Inflection point #1: When CEO succession or leadership handoffs are underway
On paper, CEO successions are about org charts and strategy decks. In practice, they’re about identity, trust, and control, which is messier and more interesting.
The leaders who navigate these well treat succession as a designed partnership. They get explicit about decision rights, frame the transition around where the organization is going (not defending every decision that came before), and have the hard conversations with each other, with the executive team, and with the board.
The leaders who struggle are the ones who avoid exactly those conversations. Outgoing leaders keep weighing in on decisions they’ve technically handed off. Successors wait for perfect clarity that never comes.

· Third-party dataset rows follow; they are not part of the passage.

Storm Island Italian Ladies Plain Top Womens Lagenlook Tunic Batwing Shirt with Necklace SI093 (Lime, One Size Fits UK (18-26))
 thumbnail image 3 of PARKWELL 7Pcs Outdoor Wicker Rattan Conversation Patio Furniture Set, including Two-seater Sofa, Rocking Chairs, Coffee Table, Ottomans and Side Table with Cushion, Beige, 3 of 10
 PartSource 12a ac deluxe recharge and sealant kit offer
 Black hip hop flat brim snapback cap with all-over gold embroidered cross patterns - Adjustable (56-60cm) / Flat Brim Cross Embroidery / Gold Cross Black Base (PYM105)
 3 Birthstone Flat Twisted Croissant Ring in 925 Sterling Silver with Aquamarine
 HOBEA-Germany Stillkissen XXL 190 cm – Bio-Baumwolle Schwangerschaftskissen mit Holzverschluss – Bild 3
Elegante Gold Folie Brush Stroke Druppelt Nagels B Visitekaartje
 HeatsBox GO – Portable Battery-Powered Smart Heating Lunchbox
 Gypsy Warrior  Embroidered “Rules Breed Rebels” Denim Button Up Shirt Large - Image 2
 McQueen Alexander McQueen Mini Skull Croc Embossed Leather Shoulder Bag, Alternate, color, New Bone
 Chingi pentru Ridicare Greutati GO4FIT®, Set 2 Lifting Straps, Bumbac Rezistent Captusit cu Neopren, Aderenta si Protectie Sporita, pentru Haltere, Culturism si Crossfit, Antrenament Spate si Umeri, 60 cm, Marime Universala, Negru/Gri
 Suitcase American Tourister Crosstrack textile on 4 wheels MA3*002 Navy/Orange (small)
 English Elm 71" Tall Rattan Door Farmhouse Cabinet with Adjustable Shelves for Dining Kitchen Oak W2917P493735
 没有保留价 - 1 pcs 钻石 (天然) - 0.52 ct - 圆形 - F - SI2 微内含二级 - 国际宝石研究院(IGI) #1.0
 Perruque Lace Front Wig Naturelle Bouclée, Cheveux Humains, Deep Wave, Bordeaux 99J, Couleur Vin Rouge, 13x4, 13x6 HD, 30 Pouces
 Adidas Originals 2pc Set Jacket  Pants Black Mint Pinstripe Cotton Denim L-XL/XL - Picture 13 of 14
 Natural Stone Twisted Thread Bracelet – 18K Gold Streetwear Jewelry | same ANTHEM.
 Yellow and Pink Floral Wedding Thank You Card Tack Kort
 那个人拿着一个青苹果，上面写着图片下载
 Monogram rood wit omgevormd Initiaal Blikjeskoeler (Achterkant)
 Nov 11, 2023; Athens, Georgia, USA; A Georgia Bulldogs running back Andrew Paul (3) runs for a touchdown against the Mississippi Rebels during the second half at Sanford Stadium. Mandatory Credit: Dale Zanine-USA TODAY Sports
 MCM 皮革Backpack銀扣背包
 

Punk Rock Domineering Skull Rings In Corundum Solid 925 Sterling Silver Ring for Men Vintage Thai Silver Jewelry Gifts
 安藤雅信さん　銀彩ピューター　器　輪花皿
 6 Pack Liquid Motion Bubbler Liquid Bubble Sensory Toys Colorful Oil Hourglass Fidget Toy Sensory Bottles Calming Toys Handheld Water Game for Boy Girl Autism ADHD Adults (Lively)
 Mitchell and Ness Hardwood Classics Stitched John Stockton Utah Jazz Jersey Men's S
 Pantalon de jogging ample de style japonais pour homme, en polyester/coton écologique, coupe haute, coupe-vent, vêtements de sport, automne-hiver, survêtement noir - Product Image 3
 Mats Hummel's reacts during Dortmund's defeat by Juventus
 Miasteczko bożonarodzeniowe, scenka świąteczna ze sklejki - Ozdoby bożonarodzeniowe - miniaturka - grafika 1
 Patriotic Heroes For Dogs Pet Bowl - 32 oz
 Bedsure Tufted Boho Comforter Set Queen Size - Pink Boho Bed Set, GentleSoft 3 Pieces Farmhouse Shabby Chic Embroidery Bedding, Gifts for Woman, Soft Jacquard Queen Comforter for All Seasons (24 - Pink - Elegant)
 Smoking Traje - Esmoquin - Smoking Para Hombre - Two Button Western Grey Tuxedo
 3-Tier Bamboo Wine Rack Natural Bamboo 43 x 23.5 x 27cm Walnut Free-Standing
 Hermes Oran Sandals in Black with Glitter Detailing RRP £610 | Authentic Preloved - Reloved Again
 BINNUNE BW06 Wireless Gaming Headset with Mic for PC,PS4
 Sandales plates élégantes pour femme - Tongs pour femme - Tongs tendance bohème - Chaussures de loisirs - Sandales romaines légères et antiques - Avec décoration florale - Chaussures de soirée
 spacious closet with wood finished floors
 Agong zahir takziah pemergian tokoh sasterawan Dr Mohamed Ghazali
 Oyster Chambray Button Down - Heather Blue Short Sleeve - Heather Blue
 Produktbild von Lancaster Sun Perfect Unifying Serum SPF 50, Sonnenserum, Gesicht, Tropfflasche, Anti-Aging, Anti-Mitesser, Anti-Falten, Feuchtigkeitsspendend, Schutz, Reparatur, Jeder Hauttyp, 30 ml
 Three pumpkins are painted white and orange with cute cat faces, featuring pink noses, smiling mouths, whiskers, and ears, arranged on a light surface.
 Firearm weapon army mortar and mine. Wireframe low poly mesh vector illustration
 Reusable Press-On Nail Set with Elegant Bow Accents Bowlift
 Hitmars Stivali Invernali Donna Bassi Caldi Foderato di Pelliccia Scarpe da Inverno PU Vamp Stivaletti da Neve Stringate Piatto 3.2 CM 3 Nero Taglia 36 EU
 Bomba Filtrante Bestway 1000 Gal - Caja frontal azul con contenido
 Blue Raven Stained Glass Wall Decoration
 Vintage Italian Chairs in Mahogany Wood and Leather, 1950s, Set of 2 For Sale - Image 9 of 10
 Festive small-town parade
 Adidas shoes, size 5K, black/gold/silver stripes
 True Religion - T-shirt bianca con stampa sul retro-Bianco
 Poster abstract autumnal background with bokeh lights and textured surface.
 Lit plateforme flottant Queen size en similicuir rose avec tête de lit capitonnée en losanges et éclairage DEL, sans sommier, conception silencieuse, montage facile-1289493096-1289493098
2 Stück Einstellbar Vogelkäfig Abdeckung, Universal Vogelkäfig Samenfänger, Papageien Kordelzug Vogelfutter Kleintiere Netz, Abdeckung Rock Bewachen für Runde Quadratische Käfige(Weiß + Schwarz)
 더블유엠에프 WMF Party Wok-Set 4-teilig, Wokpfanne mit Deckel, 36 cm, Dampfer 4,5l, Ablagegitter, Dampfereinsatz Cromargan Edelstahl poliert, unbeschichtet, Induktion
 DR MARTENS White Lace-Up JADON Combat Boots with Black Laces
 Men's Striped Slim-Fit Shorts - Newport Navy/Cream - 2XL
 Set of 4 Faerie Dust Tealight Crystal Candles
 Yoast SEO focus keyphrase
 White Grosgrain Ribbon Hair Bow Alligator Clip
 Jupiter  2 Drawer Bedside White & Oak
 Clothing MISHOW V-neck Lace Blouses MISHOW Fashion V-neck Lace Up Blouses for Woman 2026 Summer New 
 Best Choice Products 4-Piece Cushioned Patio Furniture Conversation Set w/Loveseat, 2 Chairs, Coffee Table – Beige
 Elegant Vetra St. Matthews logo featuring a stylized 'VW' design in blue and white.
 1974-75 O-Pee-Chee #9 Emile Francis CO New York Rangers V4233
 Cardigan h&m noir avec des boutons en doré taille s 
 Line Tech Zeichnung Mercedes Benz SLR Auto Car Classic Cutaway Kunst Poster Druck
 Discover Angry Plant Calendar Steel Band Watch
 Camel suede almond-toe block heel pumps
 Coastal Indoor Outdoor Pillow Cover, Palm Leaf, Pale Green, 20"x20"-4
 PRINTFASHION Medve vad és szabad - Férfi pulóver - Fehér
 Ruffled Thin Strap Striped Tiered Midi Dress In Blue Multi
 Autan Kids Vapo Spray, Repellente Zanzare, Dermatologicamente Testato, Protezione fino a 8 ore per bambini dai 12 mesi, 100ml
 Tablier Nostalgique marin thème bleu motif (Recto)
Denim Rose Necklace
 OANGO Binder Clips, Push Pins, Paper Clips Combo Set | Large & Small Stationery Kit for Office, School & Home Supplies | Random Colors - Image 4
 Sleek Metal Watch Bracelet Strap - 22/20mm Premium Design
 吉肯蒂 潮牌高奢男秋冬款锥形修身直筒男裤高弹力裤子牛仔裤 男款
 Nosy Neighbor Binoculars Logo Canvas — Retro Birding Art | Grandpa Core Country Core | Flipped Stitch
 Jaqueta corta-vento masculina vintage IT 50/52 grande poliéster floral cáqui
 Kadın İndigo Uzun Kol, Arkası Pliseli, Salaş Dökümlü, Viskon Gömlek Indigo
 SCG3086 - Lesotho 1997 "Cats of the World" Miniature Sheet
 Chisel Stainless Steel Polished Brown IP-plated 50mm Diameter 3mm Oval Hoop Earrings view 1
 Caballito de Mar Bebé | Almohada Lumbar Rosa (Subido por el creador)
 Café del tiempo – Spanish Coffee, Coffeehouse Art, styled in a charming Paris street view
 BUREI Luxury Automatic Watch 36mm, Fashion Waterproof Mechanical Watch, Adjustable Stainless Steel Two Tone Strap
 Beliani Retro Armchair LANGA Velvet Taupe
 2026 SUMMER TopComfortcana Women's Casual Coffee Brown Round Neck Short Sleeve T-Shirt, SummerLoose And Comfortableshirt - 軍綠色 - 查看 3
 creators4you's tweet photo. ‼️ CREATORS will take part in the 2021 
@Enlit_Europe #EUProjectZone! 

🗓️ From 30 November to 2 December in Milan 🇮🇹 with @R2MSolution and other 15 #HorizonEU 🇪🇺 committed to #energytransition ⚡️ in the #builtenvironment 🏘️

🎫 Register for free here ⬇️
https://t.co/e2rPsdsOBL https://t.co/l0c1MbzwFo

Reflection: Have you explicitly documented who owns which decisions right now? Have you and your successor (or predecessor) jointly told the organization a clear, consistent story about what’s next?

Inflection point #2: When feedback lands harder than expected
The second inflection point often arrives in a 360 report or a conversation that begins with, “There’s something we need to talk about.” It might be about style, altitude, or readiness for the next level.
The leaders who grow from hard feedback treat it as data, not verdict. They look for patterns across sources, choose one or two behaviors to experiment with, and—this part matters!—they circle back.
They say “You mentioned three months ago I needed to create more space in meetings. Have you seen any shifts?”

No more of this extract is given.